Showing posts with label mitzpe ramon. Show all posts
Showing posts with label mitzpe ramon. Show all posts

29 May 2009

Am a poor lonesome cowboy, far away from home

More and more I come to believe that we are in the Wild Wild West. The red Indians have turned into Bedouins, the pioneers wore similar dresses to the Orthodox Jews here, and the overall motto is: everyone for himself, and God for everyone.

A: One last question: why are you wearing a gun? I mean, in Holland nobody wears one, so am just curious...

B: You ever forgot your phone somewhere? Yes. You wouldn't want to loose your gun somewhere would you? No. Imagine loosing your gun around your children. Don't want that to happen do you? So I have it with me 24/7. It's my duty to do that. My work requires that I have one. It's kinda dangerous around here you see.



"You see this vineyard? Few weeks ago some Bedouin youth took all the sticks out. Just for vandalism. Their parents told us to give them a good beating if we wanted to. We haven't done so. But next time I see them around I know what to do."

As we drop off the little kid at Kindergarten another father is kissing his girl goodbye. His gun behind the elastic of his underwear. He makes sweet noises to reassure her that she don't need to cry. All is safe."

In the bus next to me an 18 year old in green uniform. M16 on his lap, heavy on his legs. He is texting his girlfriend, falls asleep later until the bus stops, drops him off at the army base.

25 May 2009

In your opinion, what is the role of tourism in the development of the Makhteshim area? Why?

And so we are working again... Running from one interview to the other, rewriting our questionnaire after every talk, redefining our final outcome and scope twice a day.

What we do until now: Finding support in the Makhtesh area for the idea that eco tourism has potential here. Finding out why this place isn't the most popular destination for tourists in Israel when it is so beautiful and relaxing. Finding out how these things are related to the communities that are here.



We speak with Bedouins, Hebrew Israelites, Moroccans, Yemenites, Russians, French and many others that all came to this area for different reasons.
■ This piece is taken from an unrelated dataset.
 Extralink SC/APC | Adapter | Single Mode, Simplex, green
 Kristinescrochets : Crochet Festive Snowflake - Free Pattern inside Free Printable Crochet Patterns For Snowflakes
Their world views, their ideas about tourism, their ideas of what their responsibility is, how they connect to other communities, business ideas, dreams for the future all these topics are in one way or the other covered in our questionnaire.

My world view changes a little with every interview that we do. The stories of all these people slowly give me a 360 degrees idea of this society. Almost too big to encompass. Too complex. Too much history in it. From the interview with one of the Hebrew Israelites today: "We have to untangle the big knot that the world is. Take the complexity out of it, make it straight, so that we can use it for its purpose." This is what we do. See the connections between the dots. Or what we try to at least.

22 May 2009

In the desert..

At one of the world's most beautiful places is a town. Less than a town it is a village. Ugly apartments and a gas station are in strong contrast with the biggest Maktesh crater in the world. In the middle of the Negev is where you find Mitzpe Ramon. 4000 people from all over the world live together in this forgotten place.

I am here for a project. And as the days pass by I discover the treasures. In big hangars, in small side streets, behind the second hill is where there is a chocolate bar, and a dance school, huts for retreat, an alpaca farm, a soap factory and more. Strong and visionary people that were attracted to the emptiness, the silence and the challenge of the area. Every morning again they wake up, clean their place to wait for customers.

Others came here involuntary. When they arrived to Israel they were put on a bus and dropped in Mitzpe Ramon in the middle of the night. They came from Russia and Chicago and didn't find anything to appreciate in the desert. No culture, no jobs, nothing for the future of their children. They would leave yesterday if they had the money for it.

Around the village are other houses, sheds sometimes. Bedouins live there in between their traditional nomad way of living and the modern life with TV's, houses and jobs. In search for their new identity they have been in a struggle with the government for the past 60 years. They hold the secrets of nature and survival but are a threat to the system.

My job is to go round and interview all these different people about their visions. How can eco tourism and social tourism contribute to a better life for all? How can a sleepy desert town realize its potential and become attractive for tourists again?